Matter of Aaron OO. v Amber PP. |
2022 NY Slip Op 06847 [211 AD3d 1144] |
December 1, 2022 |
Appellate Division, Third Department |
Published by New York State Law Reporting Bureau pursuant to Judiciary Law § 431. |
In the Matter of Aaron OO.,
Appellant, v Amber PP., Respondent. (And Two Other Related Proceedings.) |
Todd G. Monahan, Schenectady, for appellant.
Timothy S. Brennan, Schenectady, for respondent.
Veronica Reed, Schenectady, attorney for the children.
Aarons, J. Appeals from two orders of the Family Court of Schenectady County (Mark W. Blanchfield, J.), entered February 18, 2021, which, among other things, partially dismissed petitioner's applications, in two proceedings pursuant to Family Ct Act article 6, for visitation with the parties' children.
Petitioner (hereinafter the father) and respondent (hereinafter the mother) are the parents of three children (born in 2006, 2009 and 2013). Following his conviction of various crimes, the father was incarcerated, and his earliest release date is 2053. After the father was transferred to a maximum-security correctional facility, the mother stopped taking the children to visit him.

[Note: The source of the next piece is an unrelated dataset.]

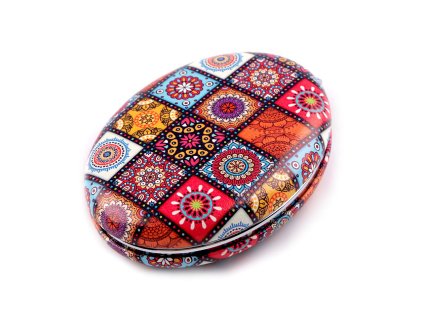 Kosmetické zrcátko mandala (Varianta 2 červená světlá, Balení 1 ks)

In 2016, the father commenced a proceeding seeking in-person visitation with the children. A hearing ensued, after which Family Court (Powers, J.) dismissed the petition in a 2017 order. This Court, however, reversed the 2017 order and remitted the matter for a new hearing, as well as for the assignment of new counsel for the father (170 AD3d 1436 [3d Dept 2019]). During the pendency of that appeal, the father, in 2019, commenced another proceeding for visitation with the children. Following a combined hearing on both the 2016 and 2019 petitions and a Lincoln hearing, Family Court (Blanchfield, J.), among other things, granted the father in-person visits with the children twice a year, directed that the father bear the costs for such visitation and permitted liberal contact via telephone, letters or electronic means between the father and the children. The father appeals. We affirm.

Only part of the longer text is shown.